Yeah yeah yeah...I know this subject seems to have been beat to death, but apparently, at lease at my organization...there is still a healthy amount of ignorance/disbelief/incredulousness (is that a real word? ). Here's my current back story:
Although I'm the only certified person that eats/breathes/lives this VMware stuff in my organization...I'm yet only a lowly Sys admin and I'm beholden to the spread thin resources of a far too multifaceted architecture group that makes most design decisions. These folks plopped in my lap one day a design for a two host cluster that was to host a very high profile legal retention and forensics application for our company. The design called for the use of 2 Dell PE710's w/48GB of RAM and dual Intel E5530's w/Hyperthreading enabled. This application is very dependant on the ability to move large amounts of often small files from one VM to another (sometimes...sometimes on the other host as well. After a proof of concept was ran using very underpowered hardware (desktops and buffalo NAS storage), we proceeded to build and deploy this system. Three of the VMs that were to be hosted in this design were pure file servers. They each had several large VMDKs (around 1.7 to 1.8 TB) with single volumes on single RAID 5 LUNs hosted on a CX3-80. None of these LUNs had VMDKs on them belonging to any other machine. Well...when application performance testing began, it was immediately noted that file copy times were extremely slow...much slower than even the POC was. So....we had previously deployed another cluster for a specific application (Documentum) that utilized MSCS and used RDM for supposed performance reasoning. So...the gist from some folks was that we should try doing the RDM thing here as well to see if it improved performance any. Of course, I instantly piped up and stated that it was VMware's position that RDM should not be utilized solely on the basis of performance and that any improvement according to their testing and documentation would only amount to around 6-8% improvement at best and that such improvement wouldn't offset the increased management burden and other caveats involved with using RDM in a virtualized environment. (Yes...I've read all of the white papers and all of big boy blog posts on the topic...) In any case...I was overruled and we modified one of the file servers to utilize RDM instead of a VMDK hosted on a VMFS store. Well...lo and behold the performance increased (or rather file copy time decreased) somwhere around 40-45%.

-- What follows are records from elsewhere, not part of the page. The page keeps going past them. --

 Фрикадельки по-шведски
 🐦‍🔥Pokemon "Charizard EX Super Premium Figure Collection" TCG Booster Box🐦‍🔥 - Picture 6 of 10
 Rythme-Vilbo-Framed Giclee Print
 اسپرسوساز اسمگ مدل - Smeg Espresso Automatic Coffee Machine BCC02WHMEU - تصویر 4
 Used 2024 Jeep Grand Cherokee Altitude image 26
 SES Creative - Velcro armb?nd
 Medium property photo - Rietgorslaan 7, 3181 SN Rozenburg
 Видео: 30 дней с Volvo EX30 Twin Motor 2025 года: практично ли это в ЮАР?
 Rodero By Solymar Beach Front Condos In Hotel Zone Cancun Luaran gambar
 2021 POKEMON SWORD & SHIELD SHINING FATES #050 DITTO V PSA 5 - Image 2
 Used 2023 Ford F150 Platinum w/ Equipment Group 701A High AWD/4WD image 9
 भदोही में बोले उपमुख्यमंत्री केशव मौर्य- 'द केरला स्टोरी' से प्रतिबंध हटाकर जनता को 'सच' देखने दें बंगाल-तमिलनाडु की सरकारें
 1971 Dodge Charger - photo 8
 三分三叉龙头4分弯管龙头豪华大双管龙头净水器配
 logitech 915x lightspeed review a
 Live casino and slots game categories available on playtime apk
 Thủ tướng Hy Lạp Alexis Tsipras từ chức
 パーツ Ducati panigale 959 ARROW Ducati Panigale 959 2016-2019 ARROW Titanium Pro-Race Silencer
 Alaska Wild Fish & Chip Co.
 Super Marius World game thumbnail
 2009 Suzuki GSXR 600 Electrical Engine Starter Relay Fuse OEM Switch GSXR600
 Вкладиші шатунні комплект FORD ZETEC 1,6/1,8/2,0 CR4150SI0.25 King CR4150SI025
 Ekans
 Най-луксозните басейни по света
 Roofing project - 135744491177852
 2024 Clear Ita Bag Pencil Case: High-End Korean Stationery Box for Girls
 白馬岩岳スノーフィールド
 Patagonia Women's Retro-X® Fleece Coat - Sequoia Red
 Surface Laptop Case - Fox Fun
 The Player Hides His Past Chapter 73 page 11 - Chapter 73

My thoughts are...well...this must mean that we've got something wrong in our current VMFS design if there's that kind of performance delta there. But what I'm really looking for right now is some real-world information. I don't need information to go lookup whitepapers on testing by someone else...I'm looking for first-hand experience. Should I be seeing such a difference in file copy performance merely moving to RDM from pure VMFS? If not...where should I look first in our current VMFS design to improved performance? (We already make sure partitions are properly aligned, we only utilize block sizes that accomodate the size of VMDK we expect to use, and we also usually utilize Diskeeper to pre-expand the MFT to its recommended size before placing VMs into production...). Also...if you've noted such a performance increase...could you elaborate and explain what led you to that point? Thanks in advance!